» **TASK DETAILS**: All of the listing, from first line to last, should be output exactly; the pictures stay out.
──────── DATA SHOWN ────────
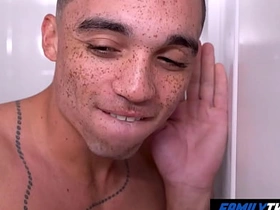 家庭嫩肉 - 看我朋友和他继父搞 hot gay wrestling porn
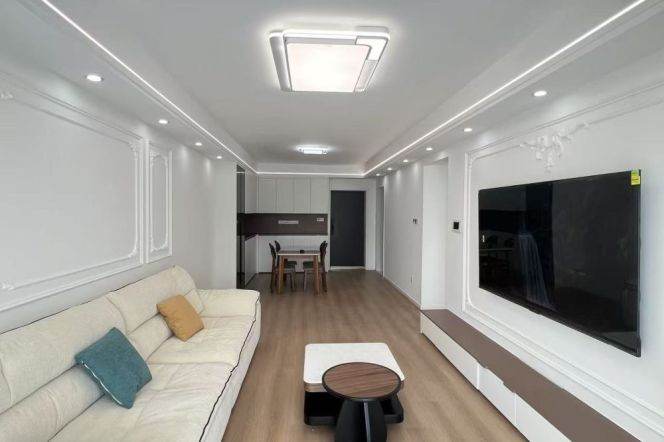 High-Floor 2BR Apartment near Hall Of The Sun (L4)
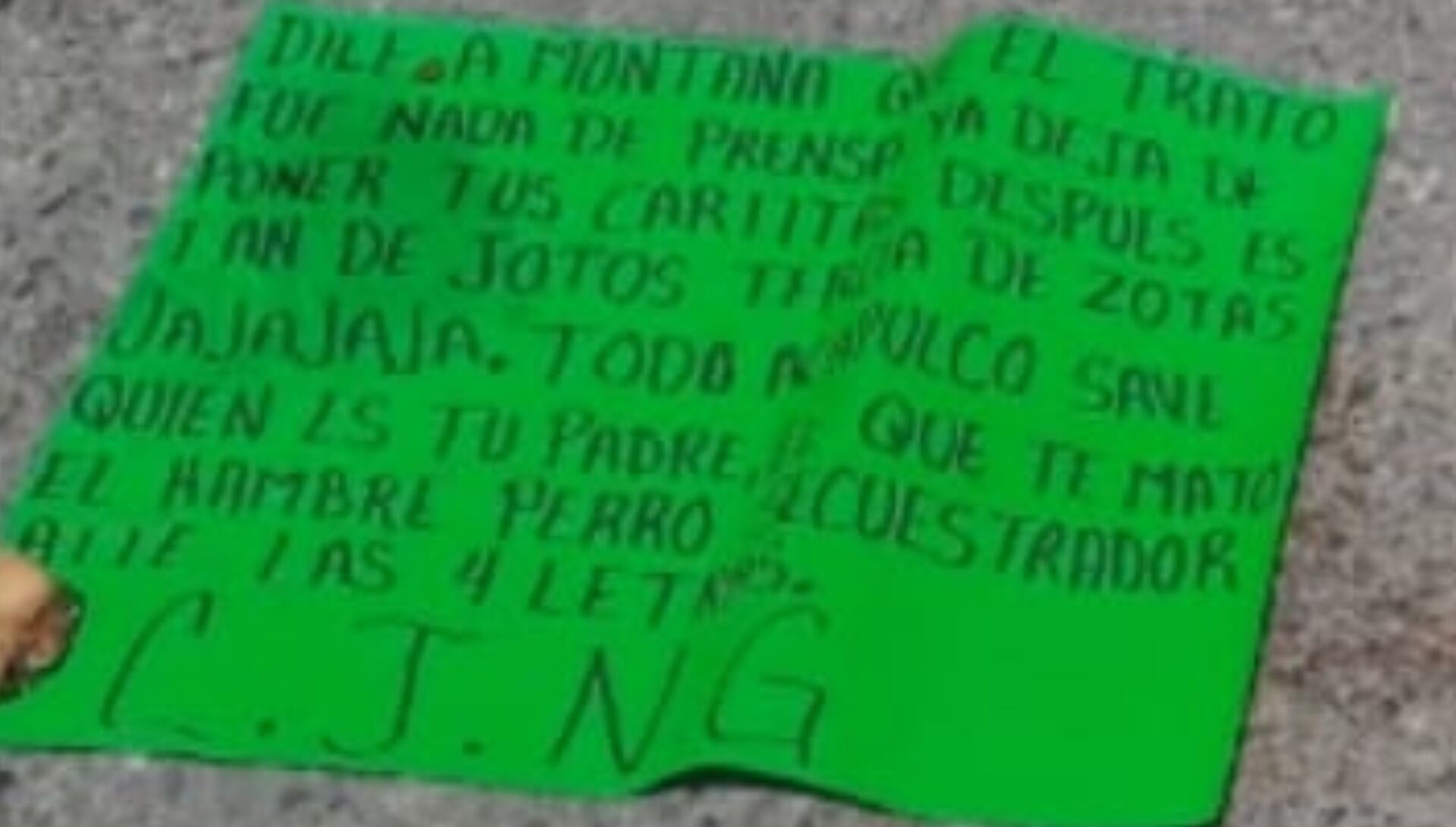 Vista de una de las cartulinas colocadas por presuntos miembros del CJNG. (Especial)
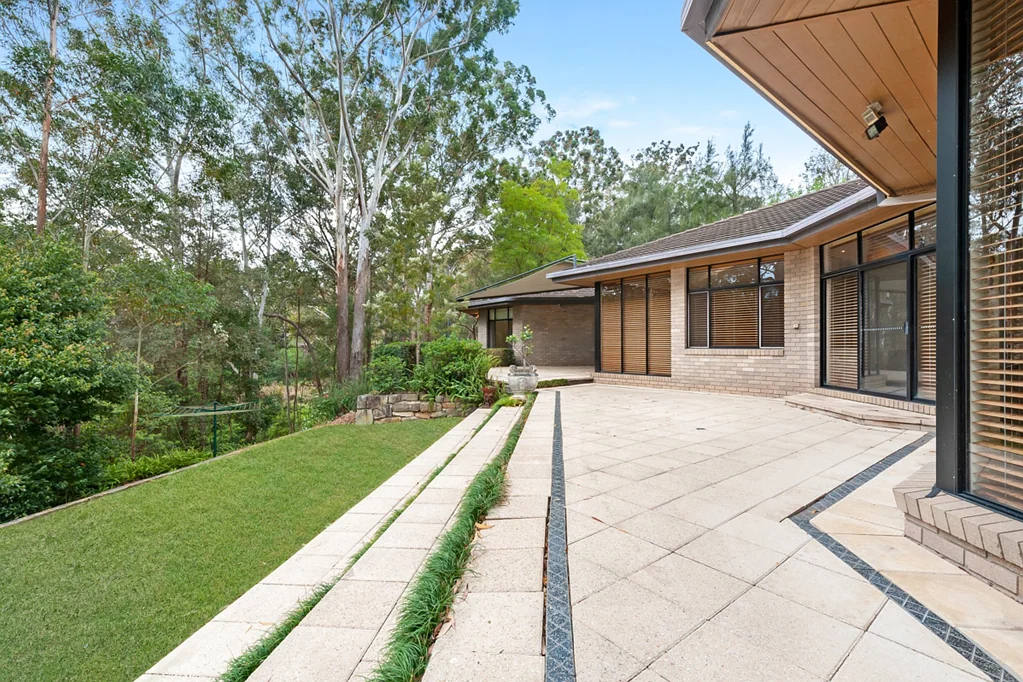 Tranquil Living with Space and Garden Maintenance Included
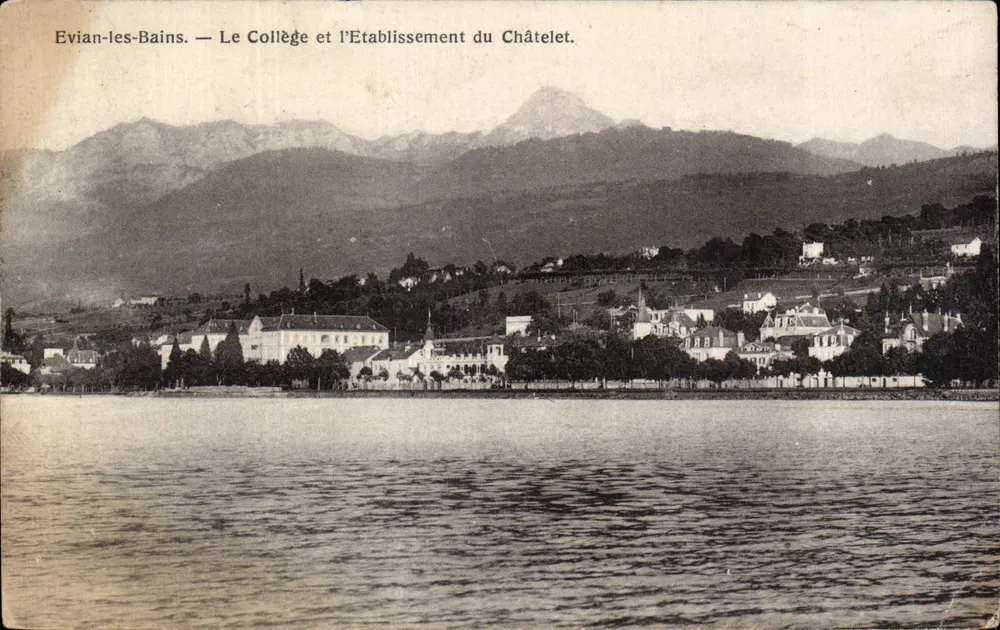 Evian-les-Bains — Blick auf das Kollegium und das Châtelet-Gebäude — E. Haissly, Buchhandlung - Vorderseite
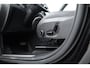Volvo XC60 2.0 T6 Plug-in hybrid AWD Ultra Black Edition | Trekhaak | Head-up | Pano-dak | 360 camera | H&K Audio | Stoel+ stuurverw. | Sportstoelen |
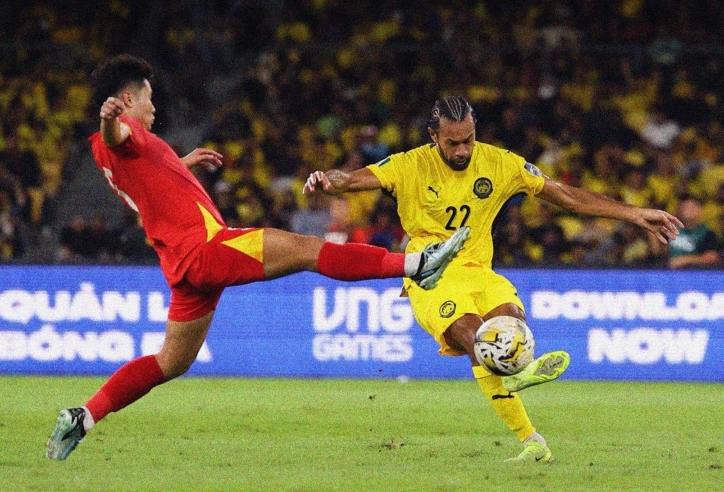 Trực tiếp Việt Nam 0-4 Malaysia: Thấm mệt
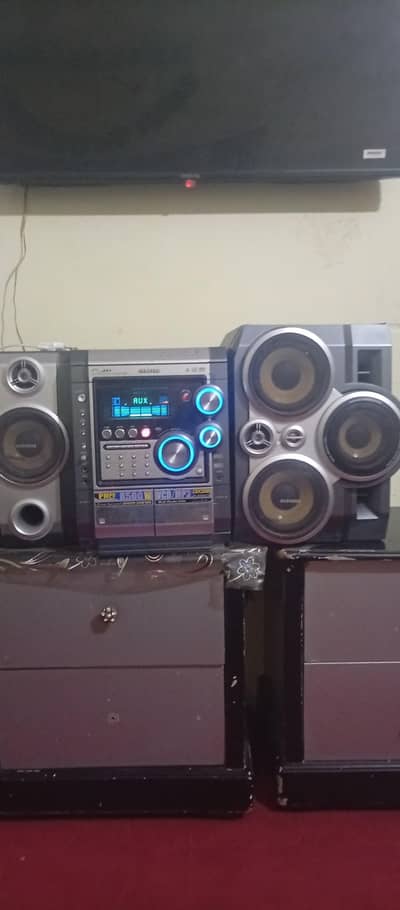Samsung amplifier with base with woofer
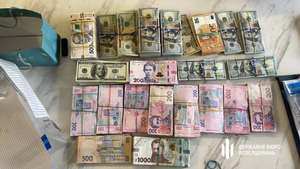 Богатства, найденные при обыске в доме главы налоговой службы Киева Оксаны Датий. Фото © Dbr.gov.ua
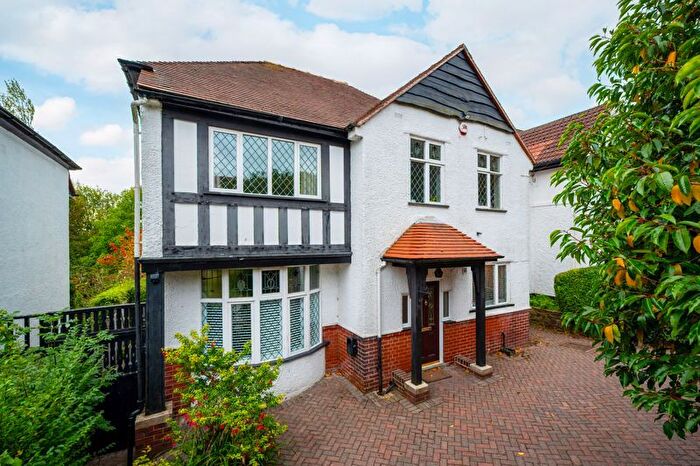 4 Bedroom Detached House For Sale In Knowle Lane, Ecclesall, Sheffield, S11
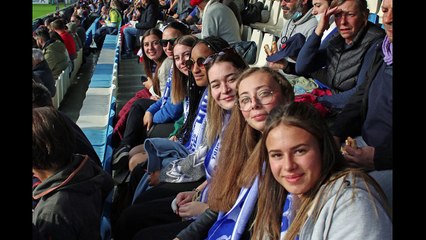 FRANCE – NOUVELLE ZÉLANDE FÉMININES 29 – 7 TOUR D’HONNEUR DE 2 ÉQUIPES FAÇON RUGBY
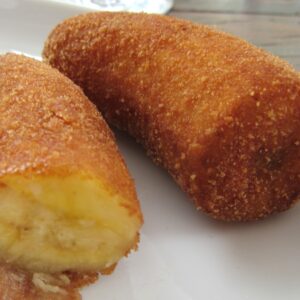 Banana à milanesa com canela: receita tendência da WEB que todo mundo está fazendo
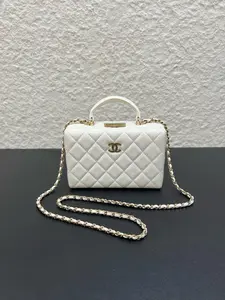 Pre-owned CHANEL 24 microchip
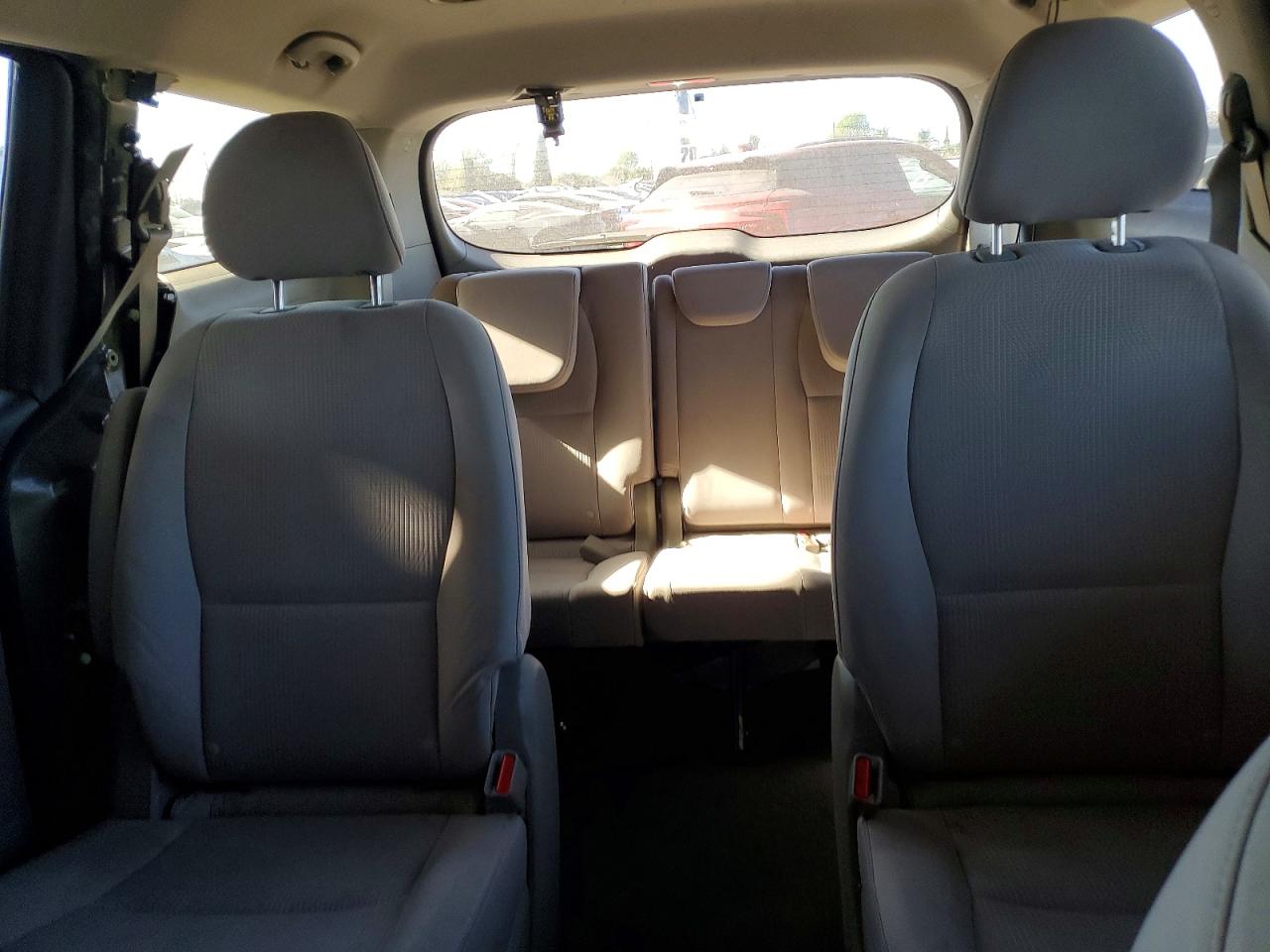 2021 KIA SEDONA LX photo 10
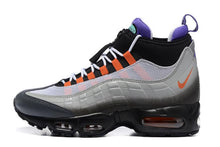 Cargar imagen en el visor de la galería, Air Max 95 Sneakerboot “What the” Grey Green 806809-078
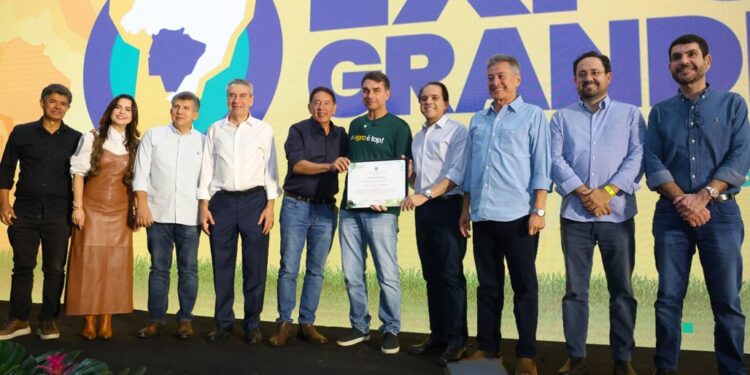 Deputados participam de abertura da Expogrande e inauguram estande da ALEMS
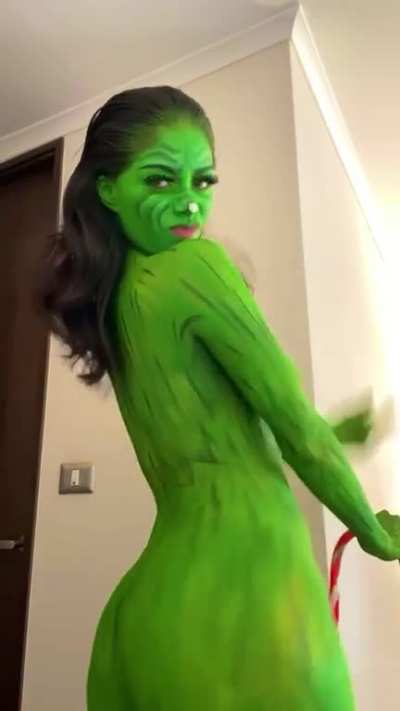 Lady Grinch in motion - tamiecampos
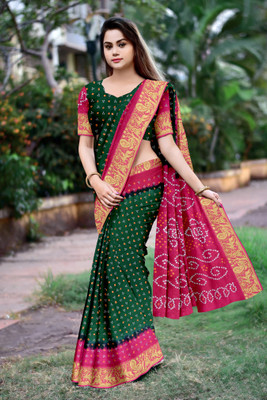 DHARMRAJ ENTERPRISE Woven Bandhani Art Silk Saree(Green)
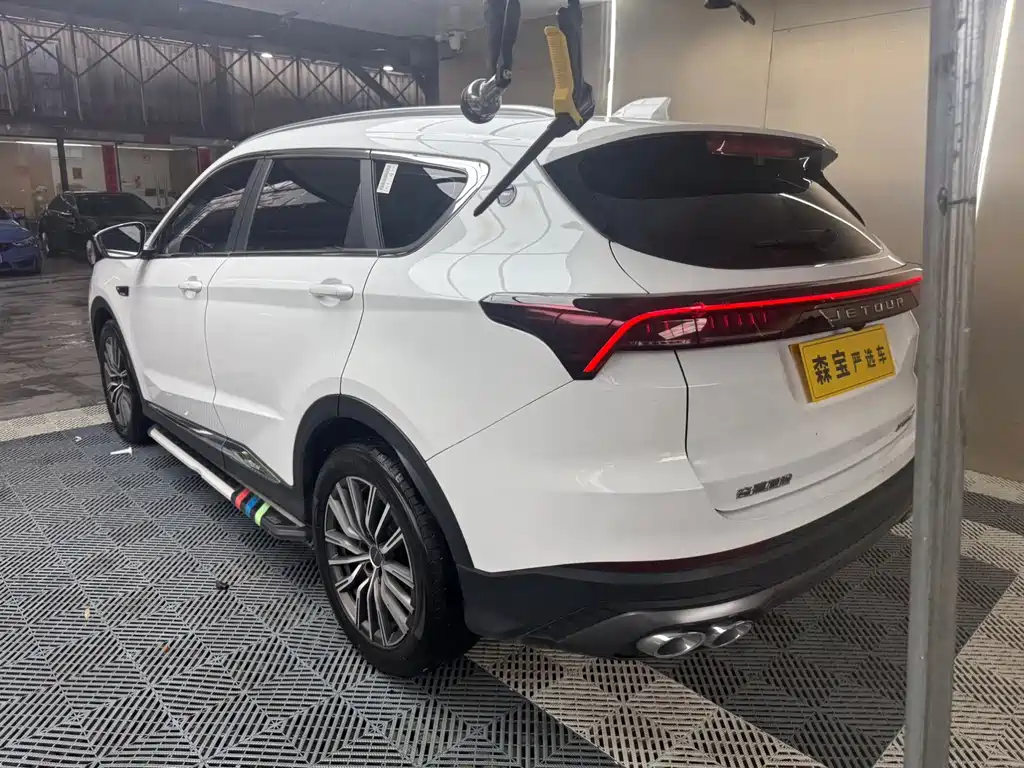 Jetour X70 PLUS 2025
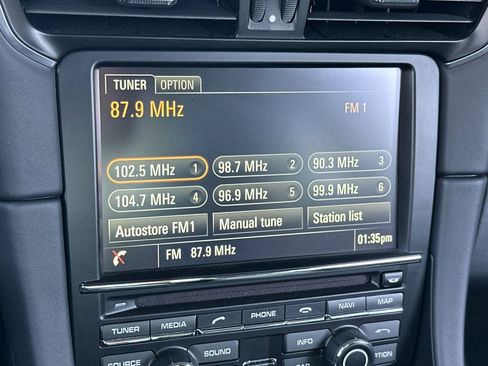 Certified 2016 Porsche 911 R RWD image 21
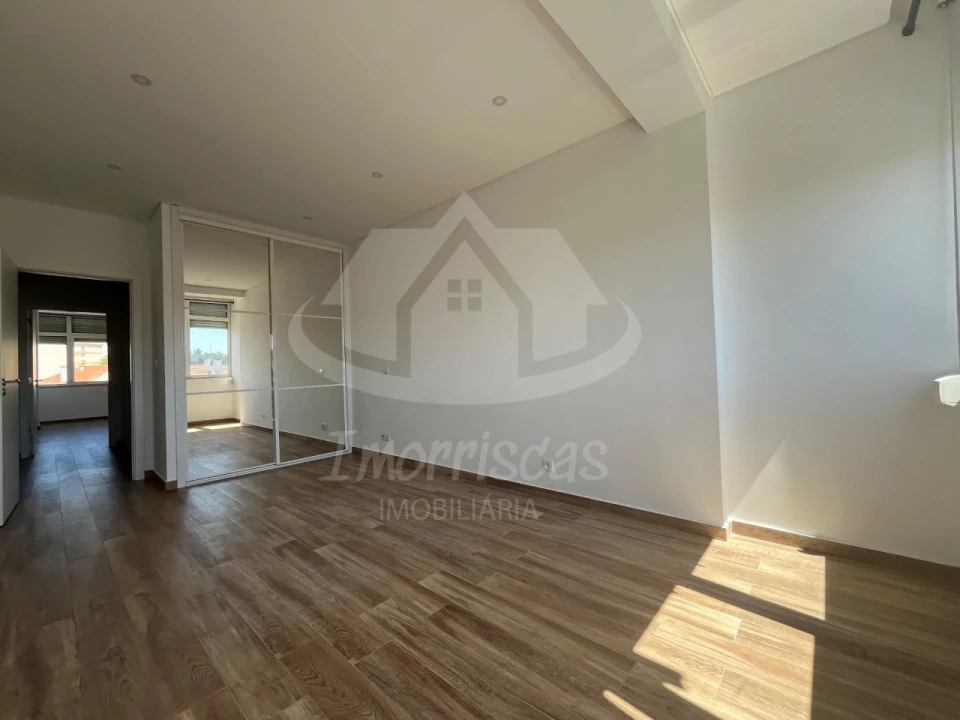 Apartamento T2 para Venda em Vialonga Foto 12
────────
» **COMPLETED TASK**:
 家庭嫩肉 - 看我朋友和他继父搞 hot gay wrestling porn
 High-Floor 2BR Apartment near Hall Of The Sun (L4)
 Vista de una de las cartulinas colocadas por presuntos miembros del CJNG. (Especial)
 Tranquil Living with Space and Garden Maintenance Included
 Evian-les-Bains — Blick auf das Kollegium und das Châtelet-Gebäude — E. Haissly, Buchhandlung - Vorderseite
Volvo XC60 2.0 T6 Plug-in hybrid AWD Ultra Black Edition | Trekhaak | Head-up | Pano-dak | 360 camera | H&K Audio | Stoel+ stuurverw. | Sportstoelen |
 Trực tiếp Việt Nam 0-4 Malaysia: Thấm mệt
Samsung amplifier with base with woofer
 Богатства, найденные при обыске в доме главы налоговой службы Киева Оксаны Датий. Фото © Dbr.gov.ua
 4 Bedroom Detached House For Sale In Knowle Lane, Ecclesall, Sheffield, S11
 FRANCE – NOUVELLE ZÉLANDE FÉMININES 29 – 7 TOUR D’HONNEUR DE 2 ÉQUIPES FAÇON RUGBY
 Banana à milanesa com canela: receita tendência da WEB que todo mundo está fazendo
 Pre-owned CHANEL 24 microchip
 2021 KIA SEDONA LX photo 10
 Cargar imagen en el visor de la galería, Air Max 95 Sneakerboot “What the” Grey Green 806809-078
 Deputados participam de abertura da Expogrande e inauguram estande da ALEMS
 Lady Grinch in motion - tamiecampos
 DHARMRAJ ENTERPRISE Woven Bandhani Art Silk Saree(Green)
 Jetour X70 PLUS 2025
 Certified 2016 Porsche 911 R RWD image 21
 Apartamento T2 para Venda em Vialonga Foto 12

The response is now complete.